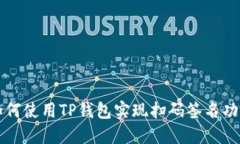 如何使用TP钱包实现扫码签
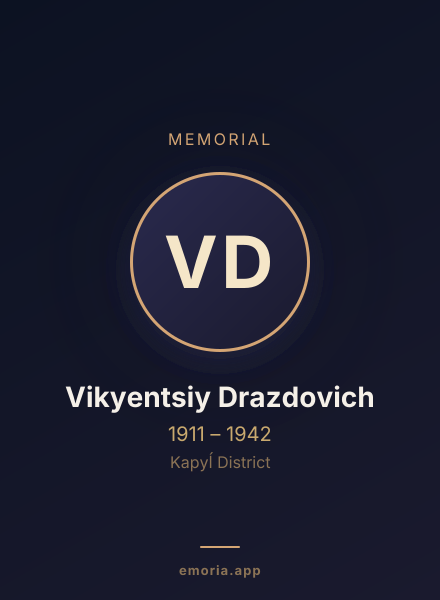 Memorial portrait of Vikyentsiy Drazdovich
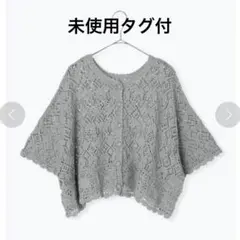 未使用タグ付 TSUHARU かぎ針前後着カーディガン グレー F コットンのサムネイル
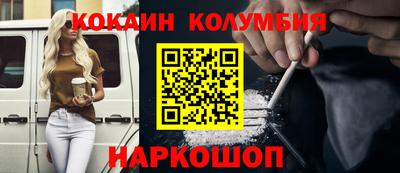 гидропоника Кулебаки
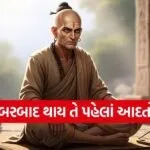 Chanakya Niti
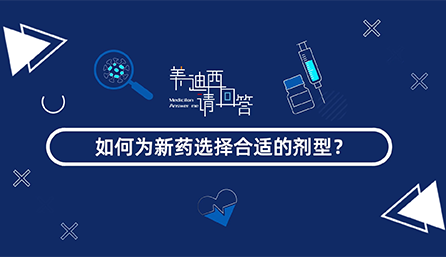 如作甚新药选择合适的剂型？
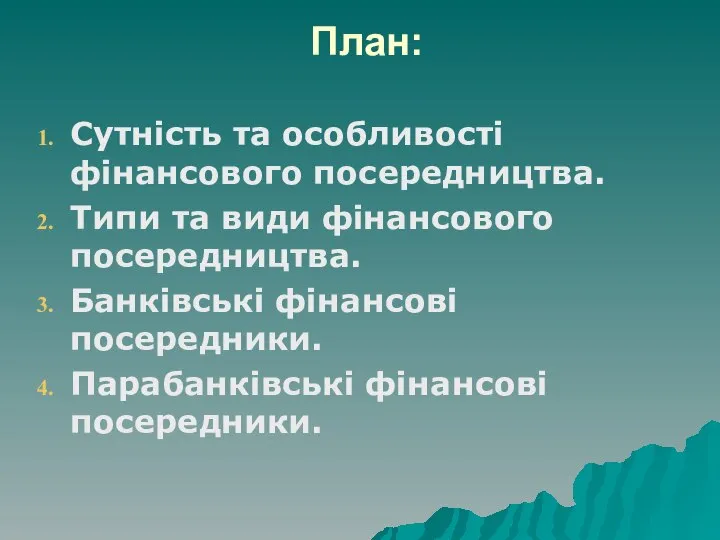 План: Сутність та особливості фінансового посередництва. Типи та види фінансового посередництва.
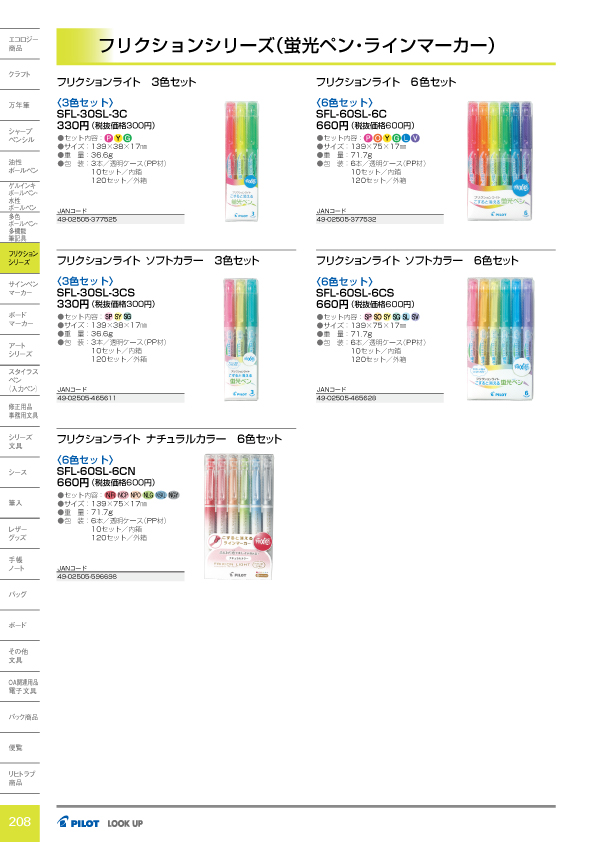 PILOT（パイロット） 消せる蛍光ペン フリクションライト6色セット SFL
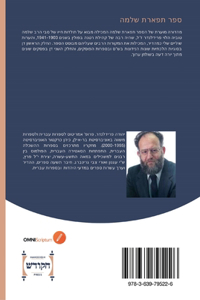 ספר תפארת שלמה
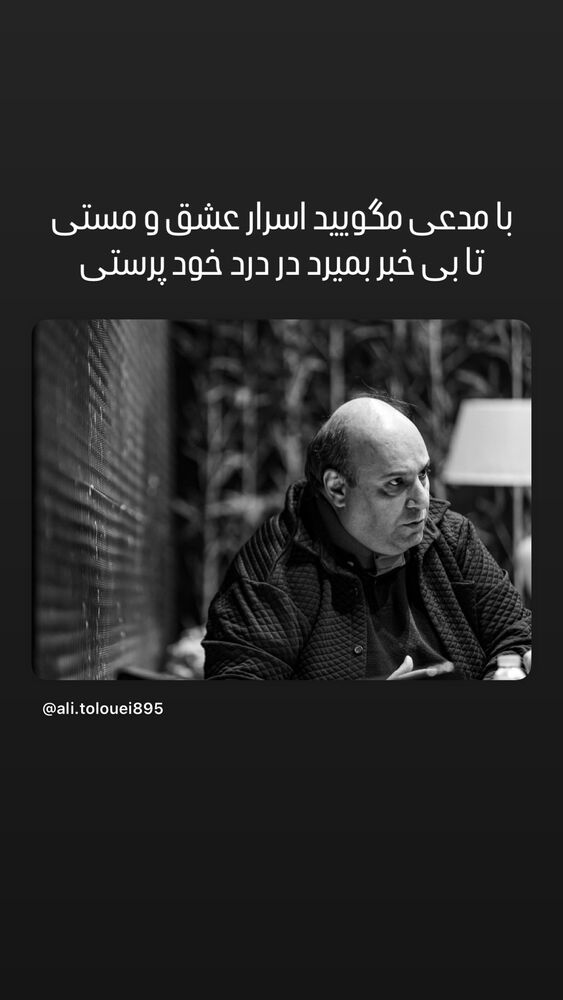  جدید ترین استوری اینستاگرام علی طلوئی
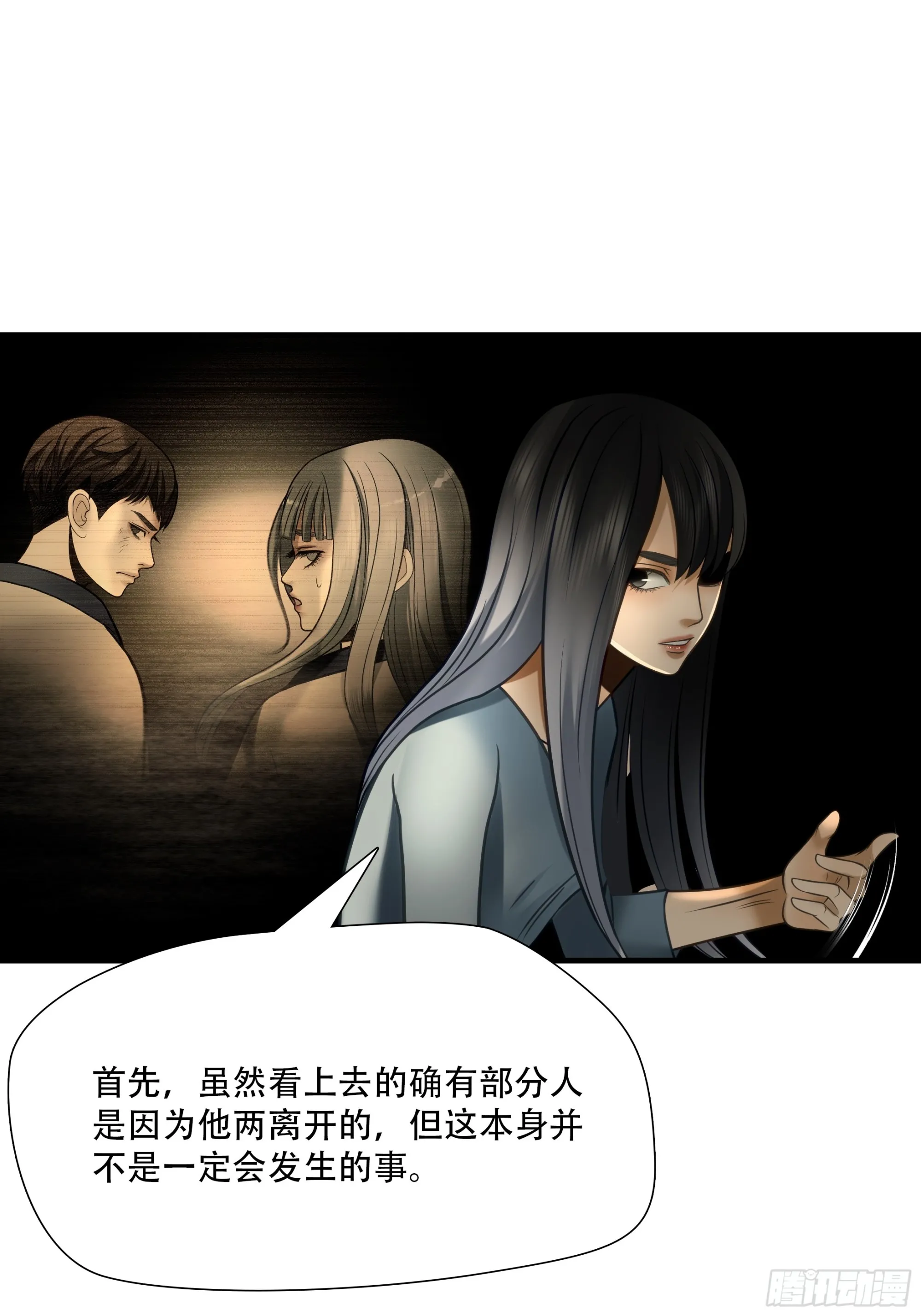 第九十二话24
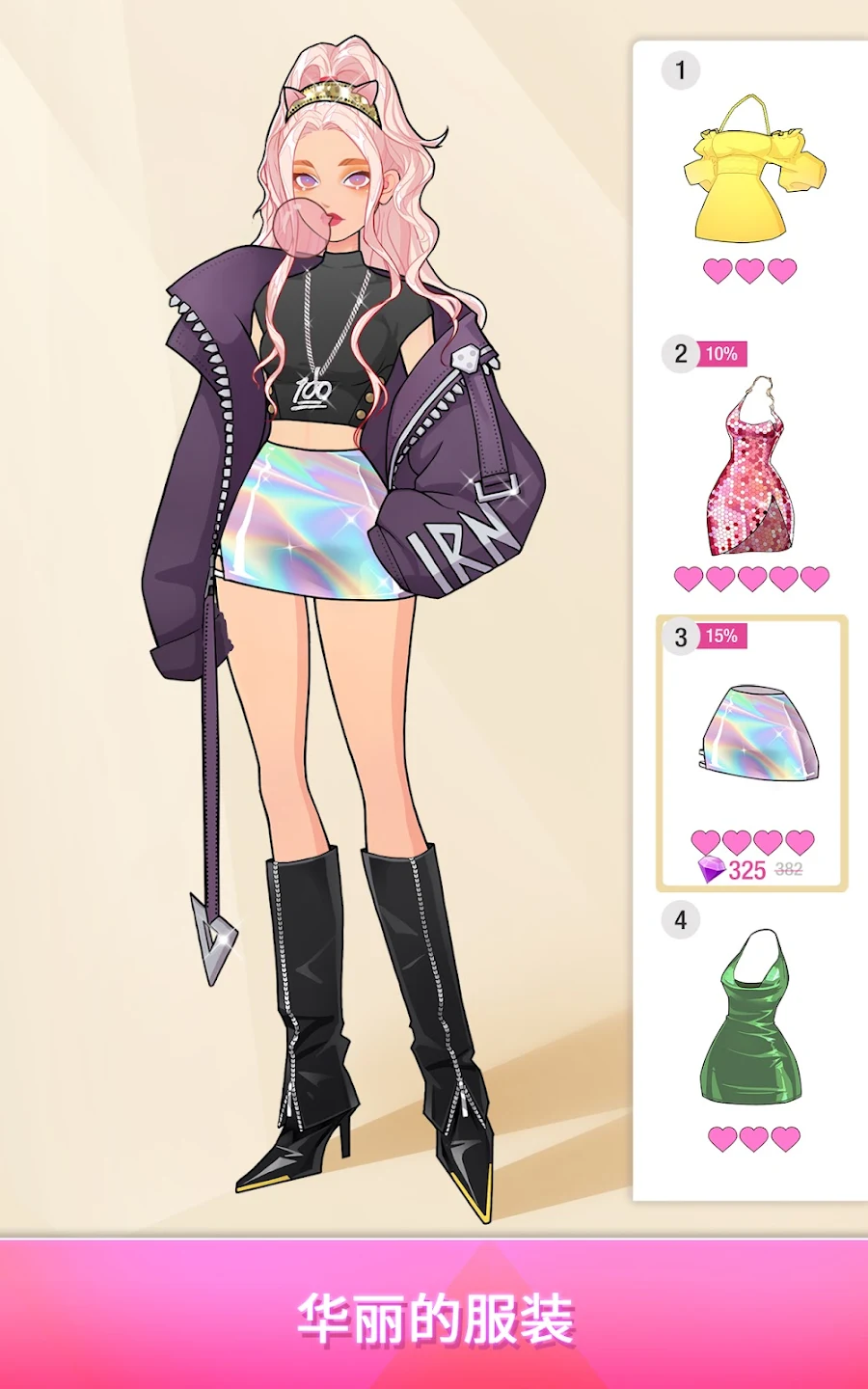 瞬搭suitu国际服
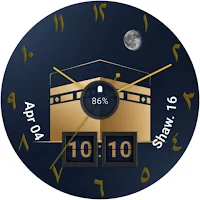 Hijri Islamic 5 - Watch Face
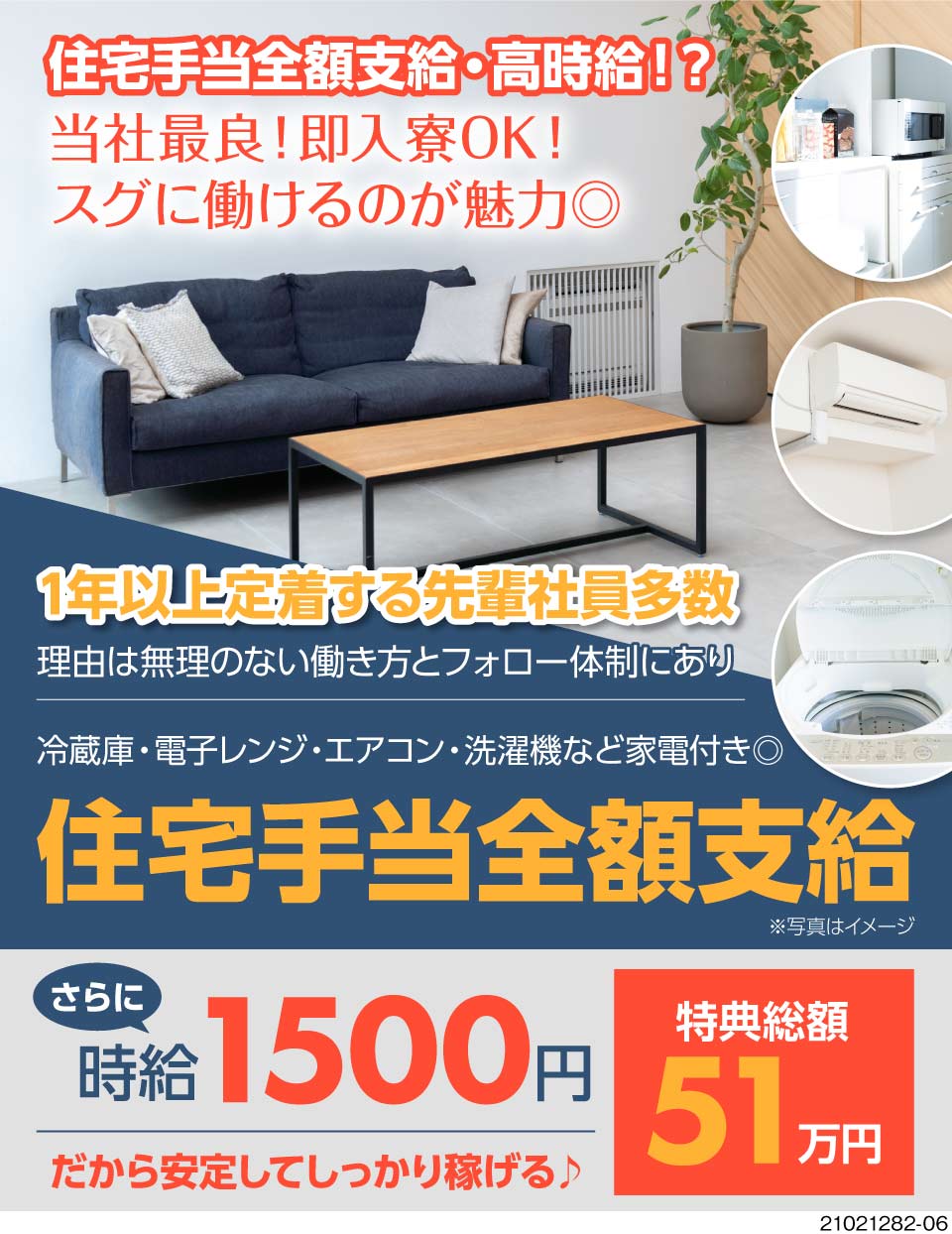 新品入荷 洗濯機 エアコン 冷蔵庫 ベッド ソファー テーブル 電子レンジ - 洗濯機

● ● ● ● ●

- [Exercise directions]:
Give all the records again, exactly, without images.

- [Task result]:
 如何使用TP钱包实现扫码签
 Memorial portrait of Vikyentsiy Drazdovich
 未使用タグ付 TSUHARU かぎ針前後着カーディガン グレー F コットンのサムネイル
 гидропоника Кулебаки
 Chanakya Niti
 如作甚新药选择合适的剂型？
 План: Сутність та особливості фінансового посередництва. Типи та види фінансового посередництва.
 PILOT（パイロット） 消せる蛍光ペン フリクションライト6色セット SFL
 ספר תפארת שלמה
  جدید ترین استوری اینستاگرام علی طلوئی
 第九十二话24
 瞬搭suitu国际服
 Hijri Islamic 5 - Watch Face
 新品入荷 洗濯機 エアコン 冷蔵庫 ベッド ソファー テーブル 電子レンジ - 洗濯機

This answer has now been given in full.